Dataset entries

□ □ □

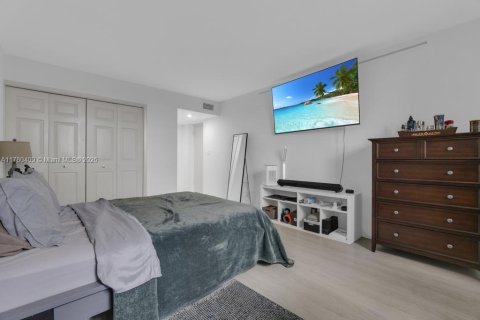 Condominio en venta en Weston, Florida, 2 dormitorios, 118.26 m2 № 1937148 - foto 13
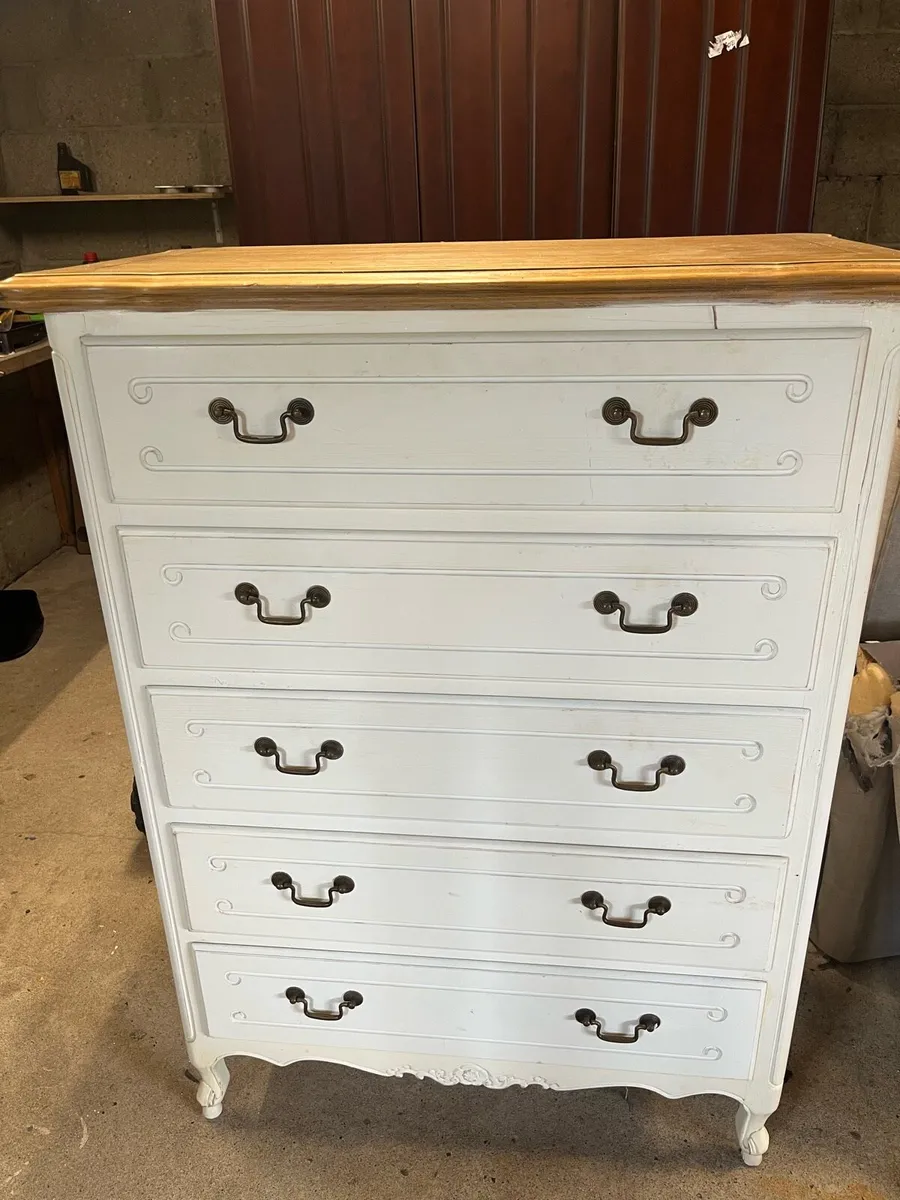Tall Chest of drawers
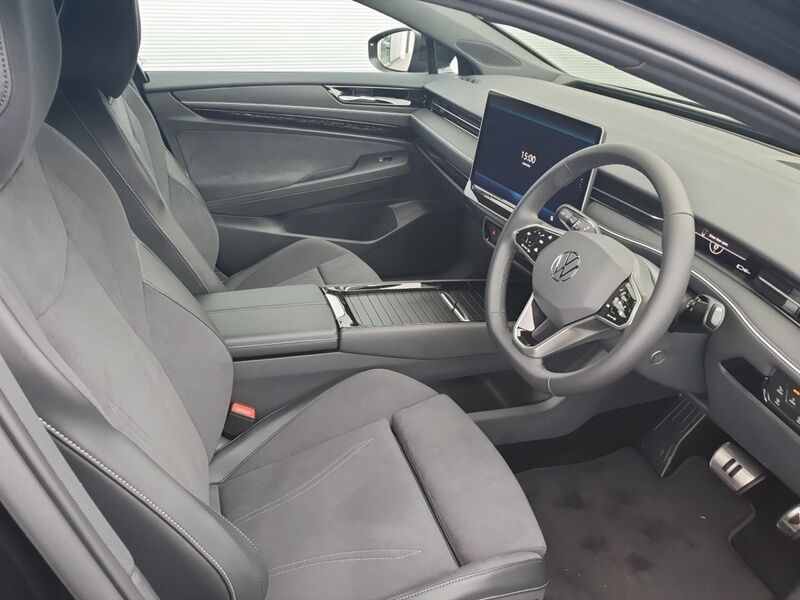 More views of Volkswagen ID.7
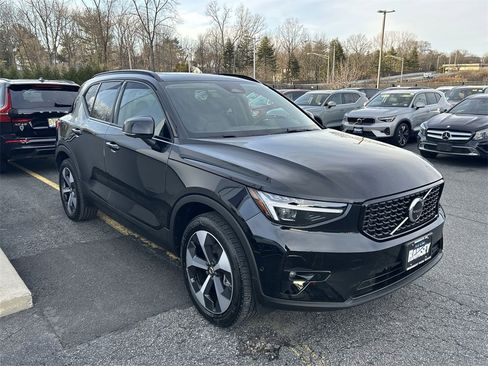 New 2026 Volvo XC40 B5 Plus w/ Climate Package image 2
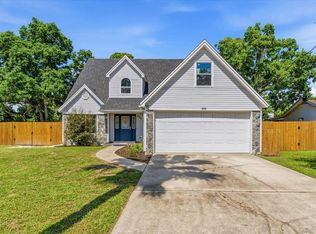 209 Seville Cir, Mary Esther, FL 32569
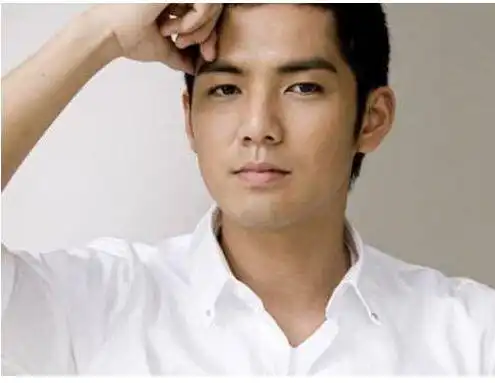 杨洋李易峰张翰领衔穿白衬衣最帅最纯的十大男星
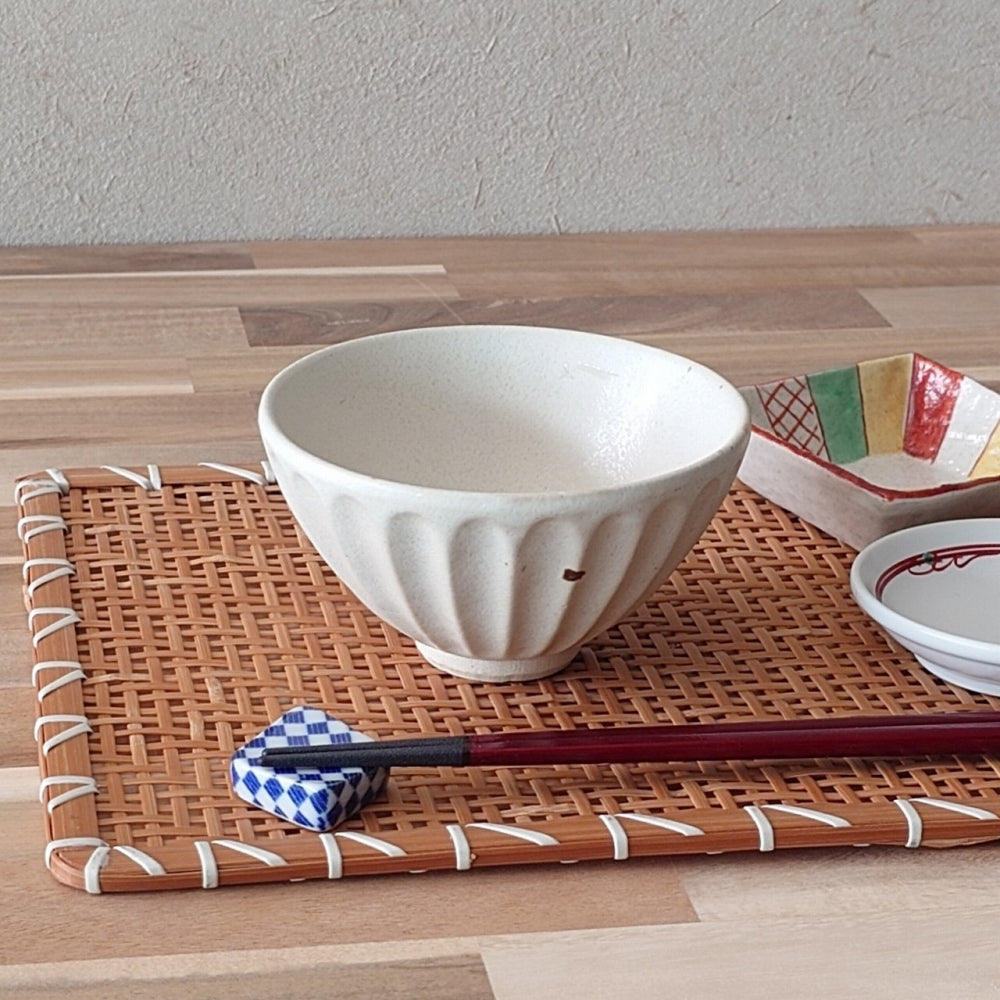 結晶白 削ぎ茶碗 [ 茶碗・飯丼 ] 12.2x6.8cm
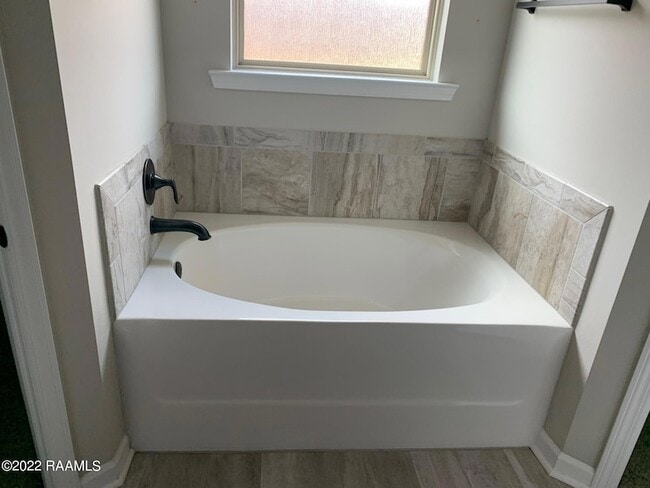 Photo - 201 St Caillin St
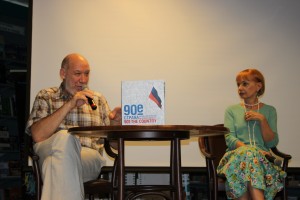  Георгий Сатаров и Людмила Телень представили фотоальбом «90-е. Страна» в Московском Доме книги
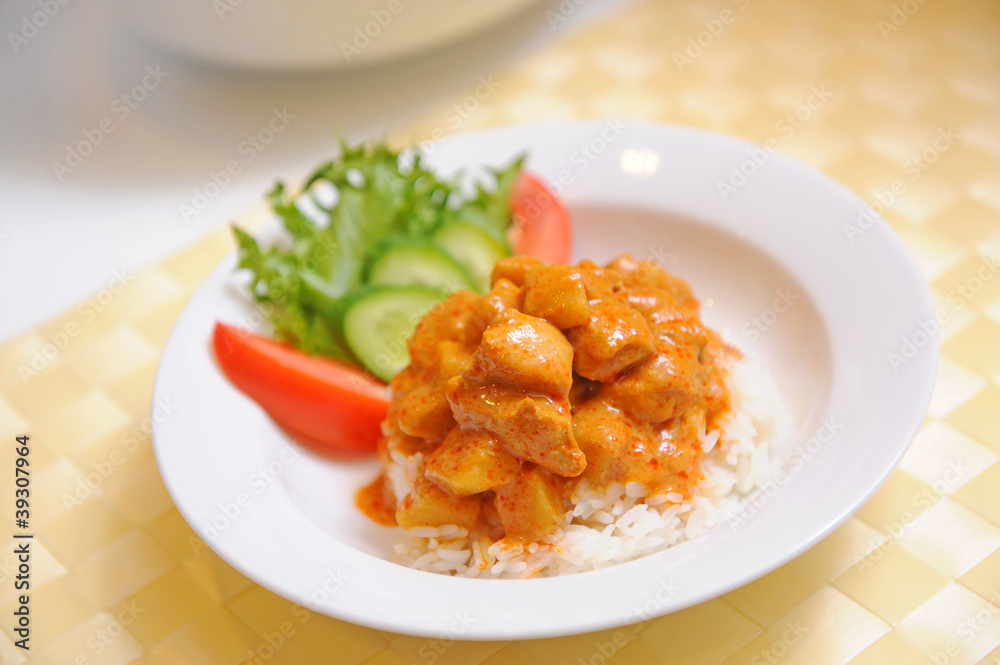 Yellow Curry Chicken with rice (Massaman Curry Chicken) Yellow Curry Chicken with rice (Massaman Curry Chicken)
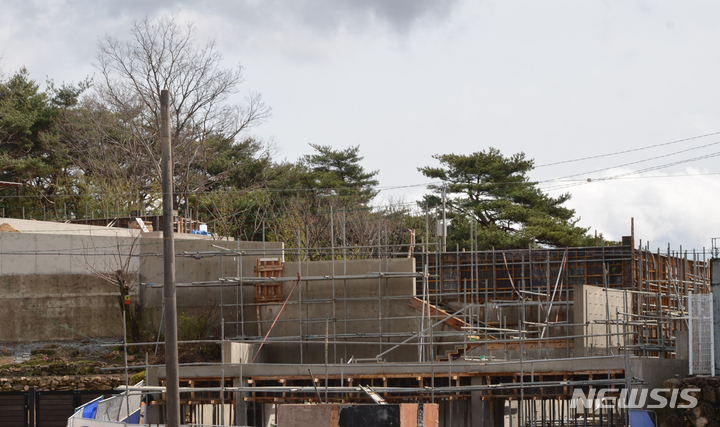 [밀양=뉴시스] 안지율 기자 = 25일 오후 경남 양산 하북면 평산마을에 건축 중인 문재인 대통령 사저 옆 경호동의 건축공사가 진행되고 있다. 2022.03.26. alk9935@newsis.com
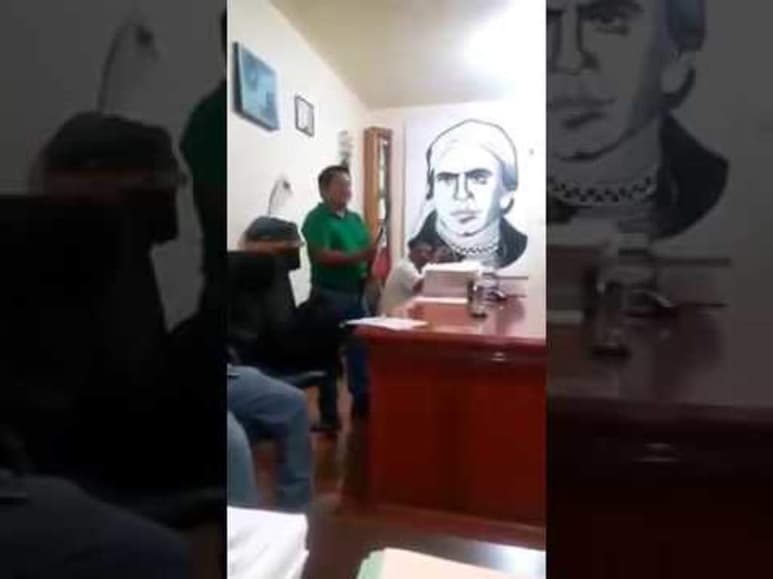 El Bastón de Mando es el símbolo de autoridad que recibe quien desempeñará un cargo y se considera un símbolo sagrado. (ESPECIAL)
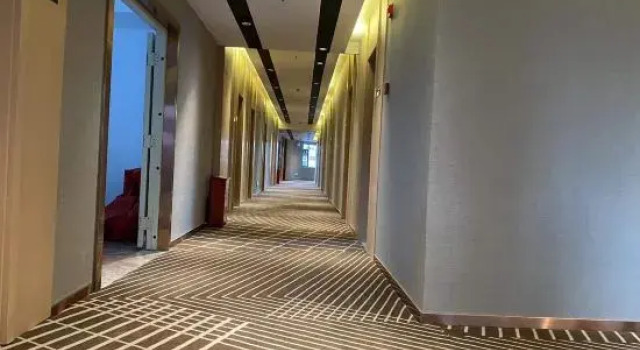 Campanile Hotel (Zhaotong Youth Road Financial Center Store), Boek Hotel Hotels in Zhaotong met parkeren, Parkeren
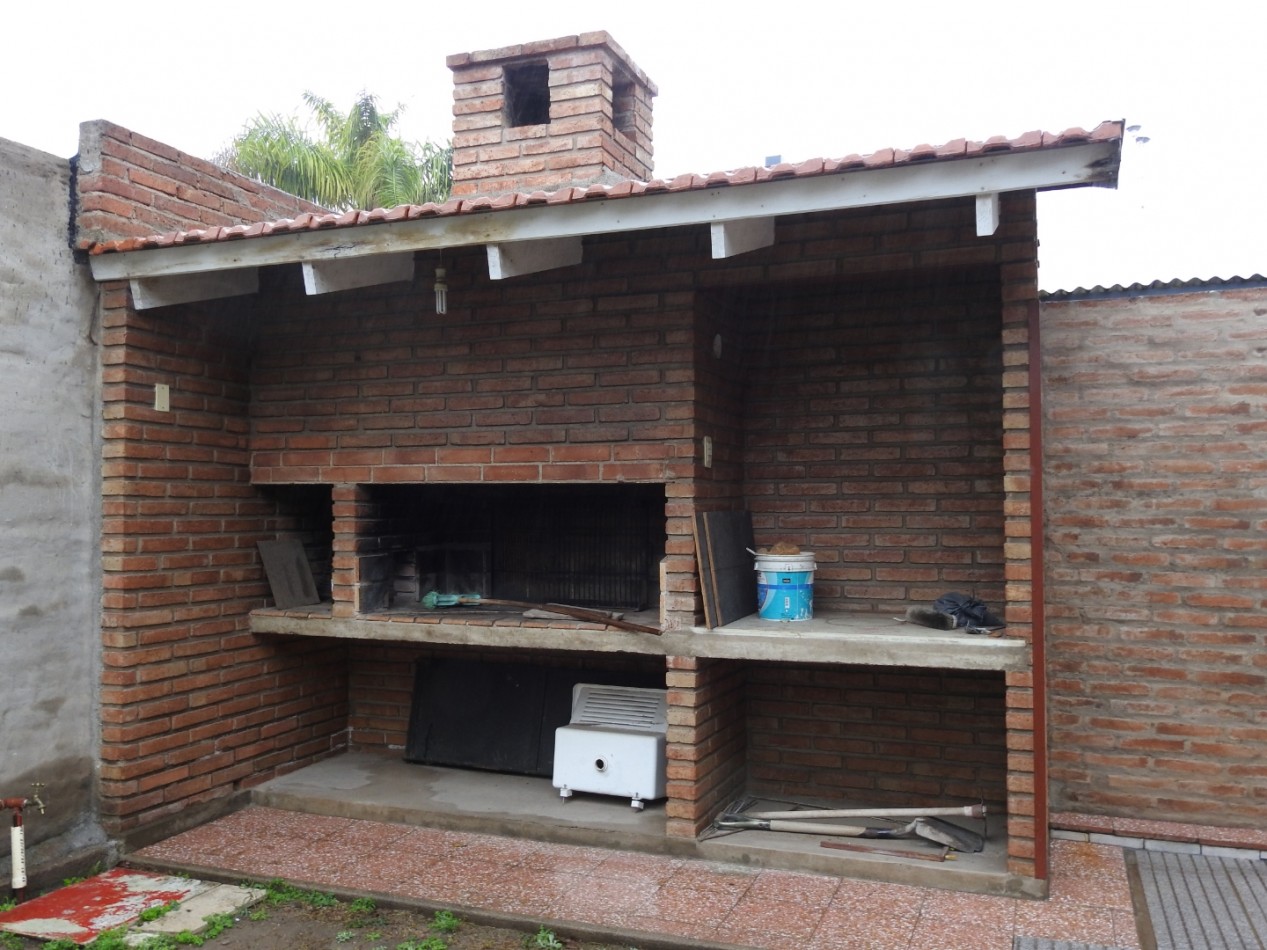 VENTA CASA 4 DORMITORIOS Y LOCAL A UNA CUADRA DE DINO RUTA 20 BARRIO SAN FRANCISCO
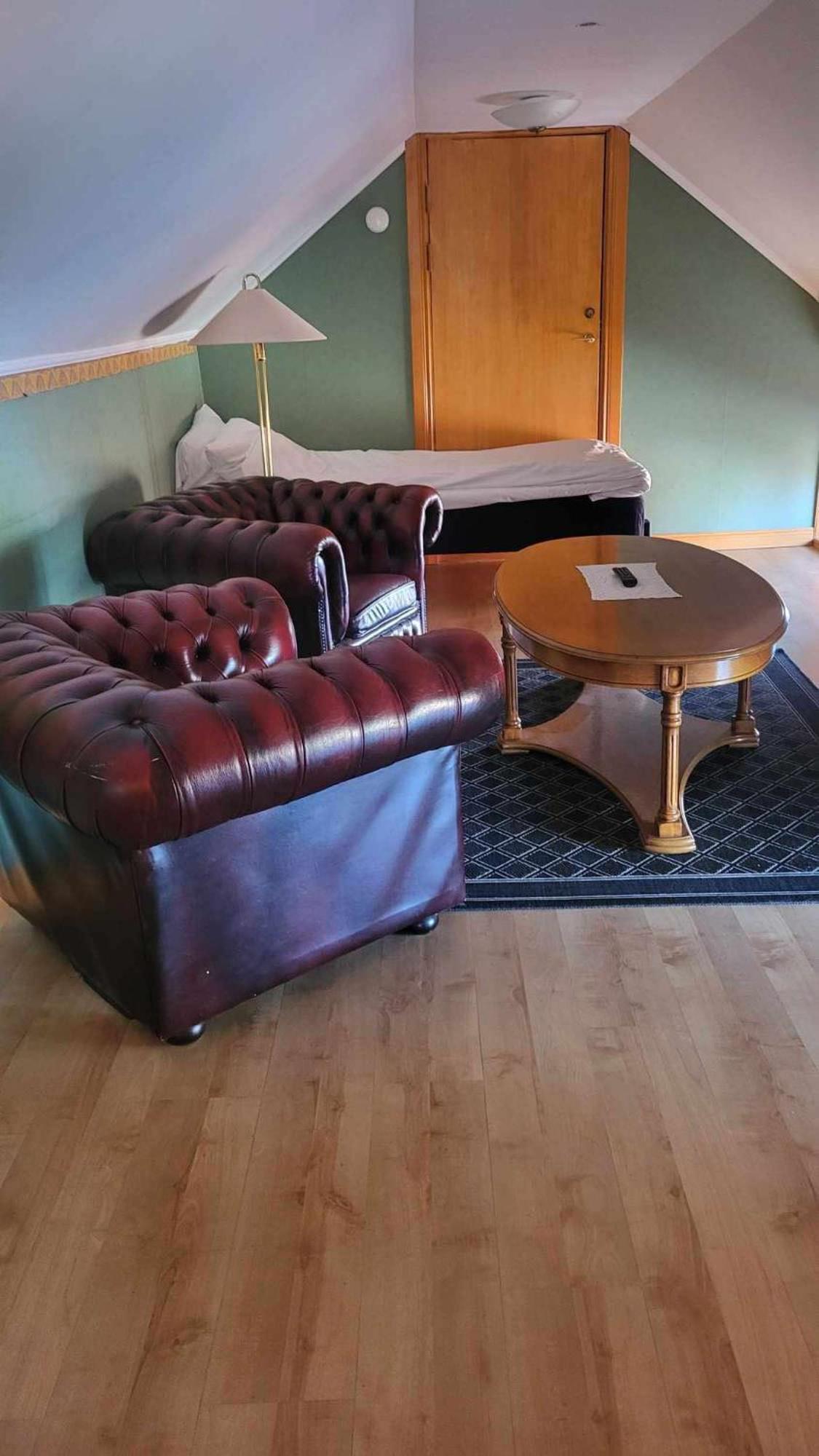 Hotell Mikaelsgarden Vårgårda Esterno foto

□ □ □

Would you transcribe the lines above exactly, going from the line bearing "More views of Volkswagen ID.7" through the line bearing "Yellow Curry Chicken with rice (Massaman Curry Chicken) Yellow", and drop the pictures from the copy?

 More views of Volkswagen ID.7
 New 2026 Volvo XC40 B5 Plus w/ Climate Package image 2
 209 Seville Cir, Mary Esther, FL 32569
 杨洋李易峰张翰领衔穿白衬衣最帅最纯的十大男星
 結晶白 削ぎ茶碗 [ 茶碗・飯丼 ] 12.2x6.8cm
 Photo - 201 St Caillin St
  Георгий Сатаров и Людмила Телень представили фотоальбом «90-е. Страна» в Московском Доме книги
 Yellow Curry Chicken with rice (Massaman Curry Chicken) Yellow Curry Chicken with rice (Massaman Curry Chicken)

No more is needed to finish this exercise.